15. Limitless By Jim Kwik

Plasticity means that your learning, and indeed your life, is not fixed. You can be, do, have, and share anything when you optimize and rewire your brain. There are no limitations when you align and apply the right mindset, motivation, and methods.


16. Mindset By Carol Dweck

Just because some people can do something with little or no training, it doesn’t mean that others can’t do it (and sometimes do it even better) with training. This is so important, because many, many people with the fixed mindset think that someone’s early performance tells you all you need to know about their talent and their future.

Matt Thomas

Founder of TradingParadigm.com, Creator of the Trading Success Framework Course & Trading Paradigm Skool Community, and Intraday Futures Trader Using Auction Market Theory & Profiling (Volume & Market Profile).

2 Comments

  • skamalka says:

    Hello Matt, As a newcomer to trading and investing, I find the concept of learning from various books, even those not directly related to finance, quite intriguing. It seems like you believe that success in trading goes beyond just acquiring knowledge and involves developing the right mindset, habits, and skills. My question to you is: Among all the books you’ve mentioned, which one had the most significant impact on your own trading journey, and how did it change your approach to trading? Did it lead you to adopt new habits or alter your mindset in a way that ultimately improved your trading performance? Additionally, could you share a specific quote from that book that resonated with you the most and why it was so impactful? I’m eager to understand how these books have influenced real traders and how I can apply the insights from their experiences to my own journey in the world of trading. Thank you for sharing this list of books and quotes; it’s given me a great starting point to further explore and learn from these valuable resources.

    • Matt Thomas says:

      Hi Shamalka – great question.

      So many books have had a significant impact on me and my approach to trading that’s it’s extremely difficult to pick just one. For ones directly related to trading, I love The Playbook & One Good Trade by Mike Bellafiore (especially from a methodology perspective) and The Disciplined Trader & Trading in the Zone by Mark Douglas (especially from a mindset perspective). But if I had to pick one book recommendation for absolutely everyone to read it would probably be Atomic Habits by James Clear (regardless of pursuit). Because not only does it 100% apply to trading, but it applies to everything outside of trading as well. Far too many people assume that trading is about finding some “holy-grail” or “foolproof system” and “cracking the code” of markets. But that’s not how it works at all. Markets are dynamic, ever-evolving systems that require continuous adaptation/improvement/refinement, which makes trading a skill-based, peak-performance endeavor. So habit & skill-building (aka personal development) is the only path to consistent, sustainable success.

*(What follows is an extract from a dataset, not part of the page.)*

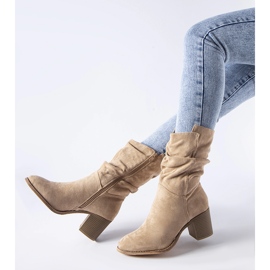 Béžové zateplené kovbojské boty od Filomeny béžový 2 Béžové zateplené kovbojské boty od Filomeny béžový 2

      I’ve already shared my top quote from Atomic Habits within the article, but I’ll share another one that I like from it as well:

      “There is nothing magical about time passing with regard to habit formation. It doesn’t matter if it’s been twenty-one days or thirty days or three hundred days. What matters is the rate at which you perform the behavior. You could do something twice in thirty days, or two hundred times. It’s the frequency that makes the difference. Your current habits have been internalized over the course of hundreds, if not thousands, of repetitions. New habits require the same level of frequency”.